Here is some pic spam! 










So today they have another batch who are freeswimming. So I stole about half of them. They are currently floating in the tank with the siblings. 





SO proud of how these guys look! They are growing well. If the parents finally figure it out, Ill be over run!


----------



## Tolak (Mar 10, 2013)

Looking good! A serious warning, angel breeding is addictive. If you start hanging around other local angel breeders you're on the road to ruin, or at least a lot more tanks!


----------



## majerah1 (Oct 29, 2010)

Thanks! Any fear of the larger fry nomming the smaller? 

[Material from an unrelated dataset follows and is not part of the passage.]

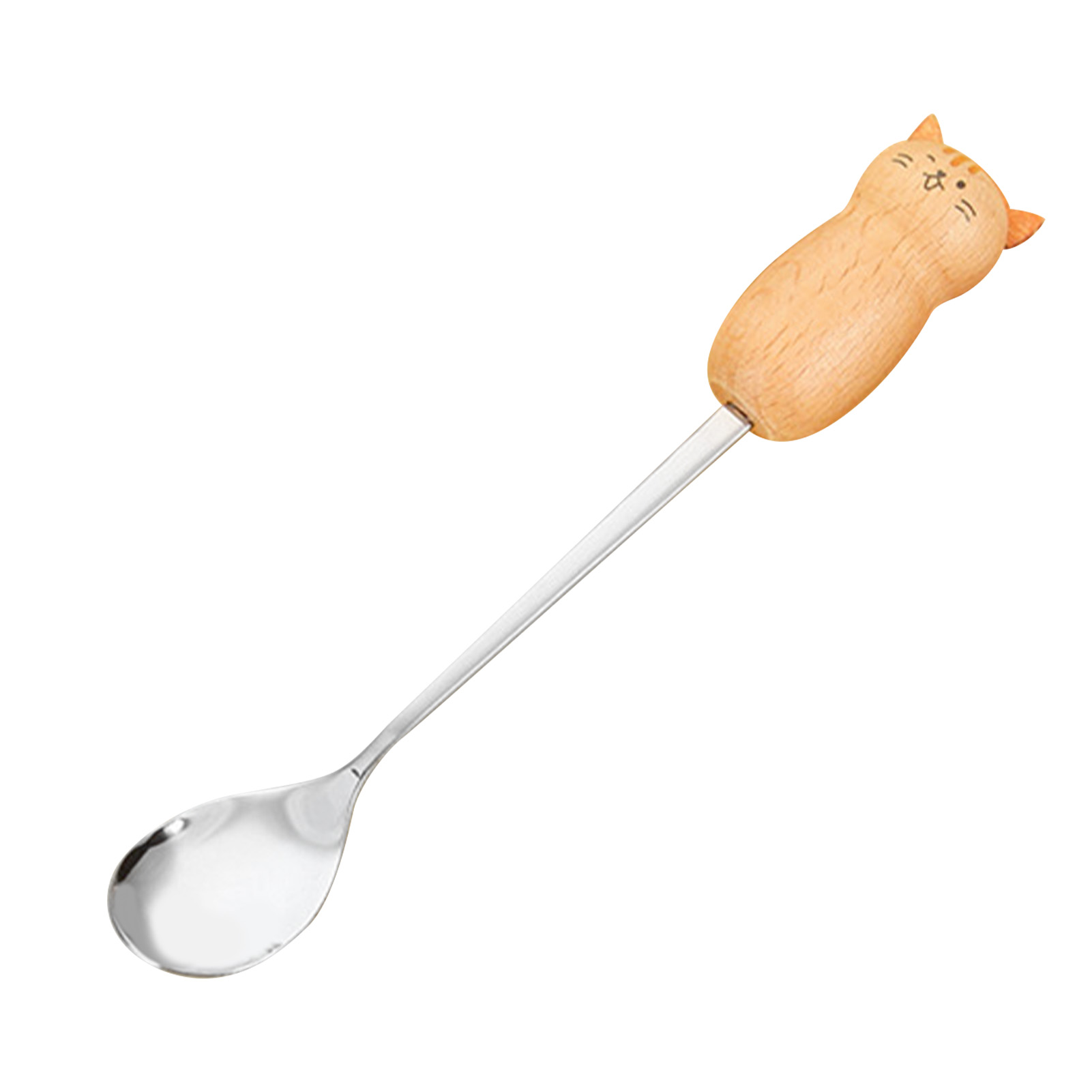 Katzenförmiger Edelstahl-kaffeelöffel, Niedliches Und Kreatives Rührwerkzeug Für Kinder, Ideal Für Gefrorene Desserts, Spülmaschinenfest, Kaffeerührer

As far as other tanks go, yeah I am breeding fancy bettas again so whats a few angel tanks compared to a few ( hundred) jars?


----------



## coralbandit (Jul 29, 2012)

I've been mixing my apisto and GBR fry together for the last 2-3 weeks and I haven't seen any of them eating each other.Actually saw the oldest apistos sitting in the pot with the newly hatched fry yesterday and they are all still there.
Congrats! Those look great!
Even with way to many tanks I still have to bunch some of these guys up.I wouldn't mind more tanks,just can't figure out where to put them!


----------



## Arthur7 (Feb 22, 2013)

I congratulate you!
Years ago I had from work (because a large aquarium was) sucked juveniles of a Crypto sheet. It peeped out from the eggs of the tail. The parents attacked my hand. At home I have been breeding them. There were over 100 pieces. Artemia nauplii, dust feed (Cyclops), later glass mosquito larvae. They were as big as a coffee cup after 5 weeks. 4 I have again taken into the plant, the other in the pet shop This can be in einenm small pool render times. I remember like it. BTW beautifull images!


----------



## majerah1 (Oct 29, 2010)

Thank you both! 

Coffee cup size wow! I hope to get good growth like that. I placed the little ones with the older ones now and one of the smaller older ones has taken up with them and is staying close. Hoping he will teach them when and where food comes from! I do not suspect they will eat tonight seeing as they just started swimming but I will increase the food just a little tonight.


----------



## Arthur7 (Feb 22, 2013)

Competition for food could affect the growth of smaller ones. Good Luck!


----------